[Stored records]
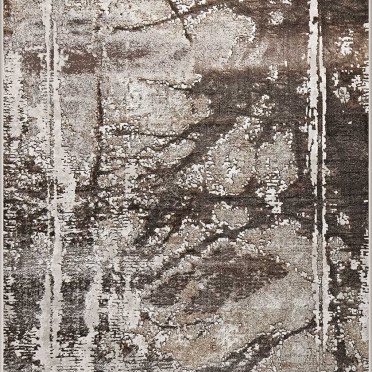 38557A STAN BROWN FLS / BEIGE FL Eliza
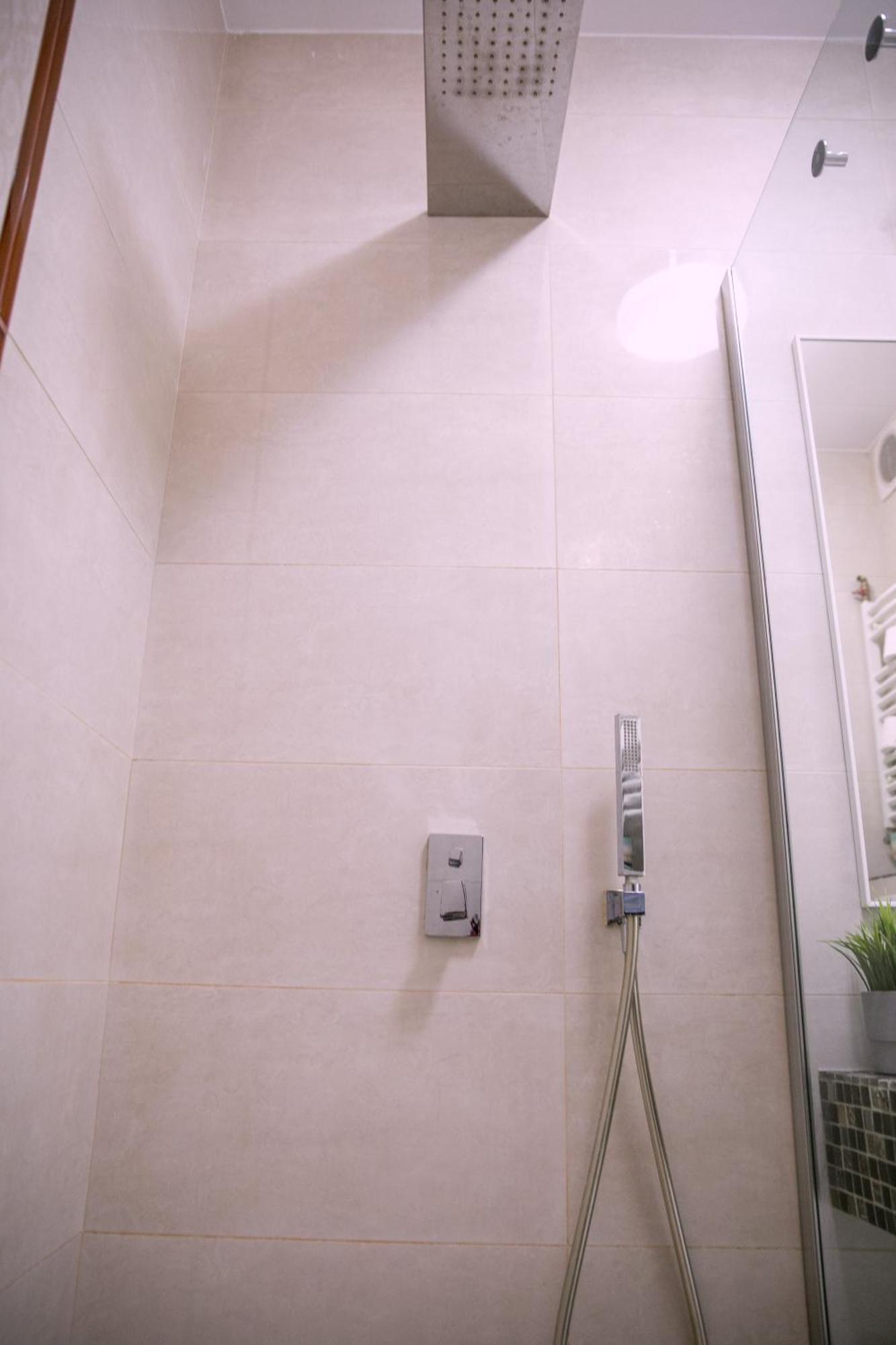 Nicolae Balcescu Dream House Apartament *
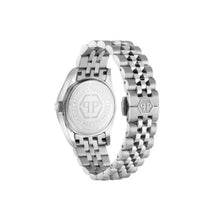 Cargar imagen en el visor de la galería, RELOJ PARA MUJER PHILIPP PLEIN STREET COUTURE PWYAA0123 - MULTICOLOR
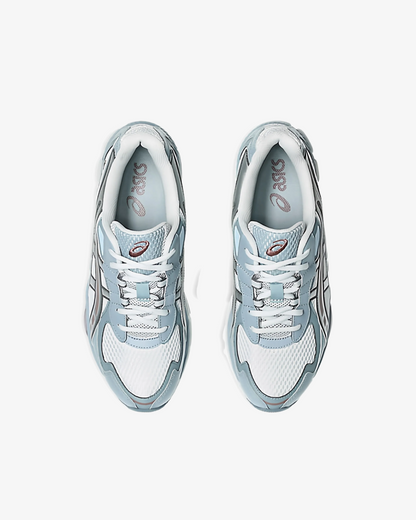 ASICS Gel NYC 2055 ‘Glacier Dolphin Grey’ Sneakers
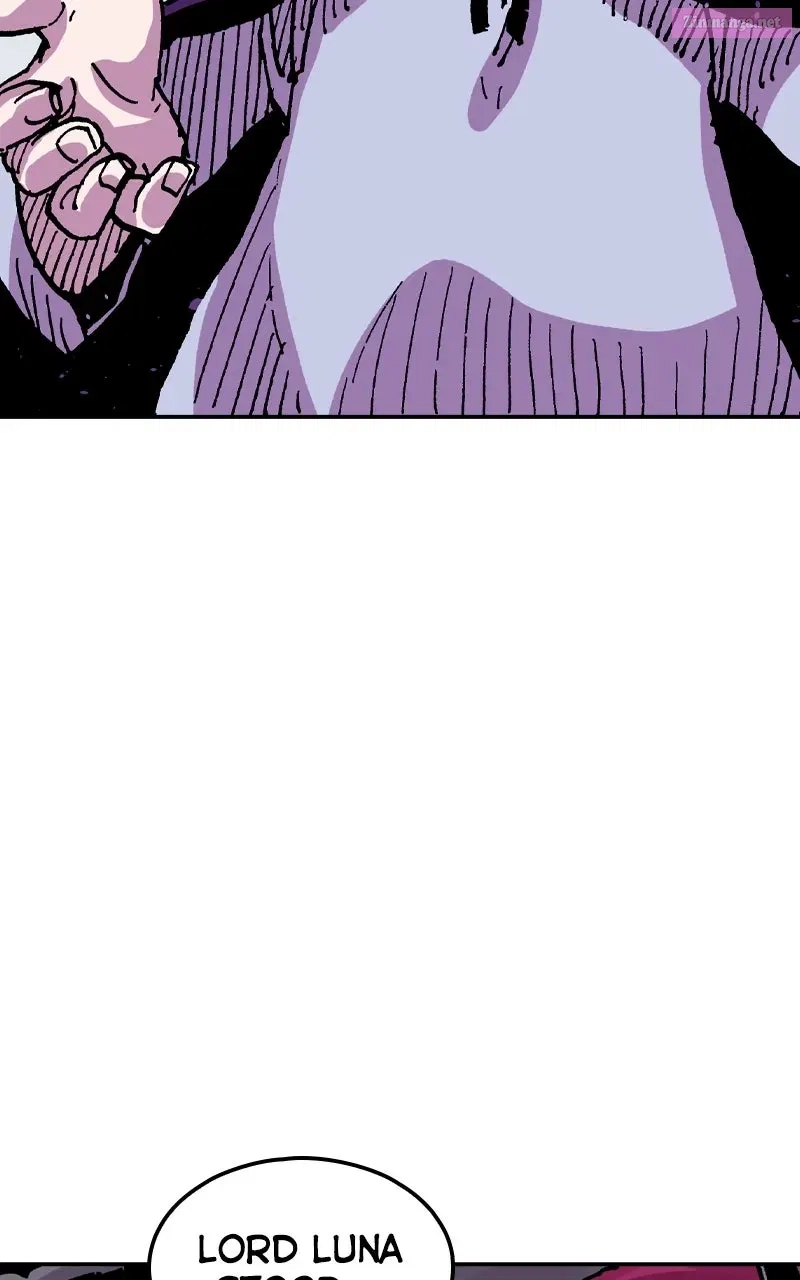 Clevatess: The Devil Beast King, The Baby, & The Corpse Hero Chapter 57 page 17 -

• **What to do**
Every record, from top to bottom, gets written out exactly; no picture goes into the copy.

• **Response to this task**
 38557A STAN BROWN FLS / BEIGE FL Eliza
 Nicolae Balcescu Dream House Apartament *
 Cargar imagen en el visor de la galería, RELOJ PARA MUJER PHILIPP PLEIN STREET COUTURE PWYAA0123 - MULTICOLOR
 ASICS Gel NYC 2055 ‘Glacier Dolphin Grey’ Sneakers
 Clevatess: The Devil Beast King, The Baby, & The Corpse Hero Chapter 57 page 17 -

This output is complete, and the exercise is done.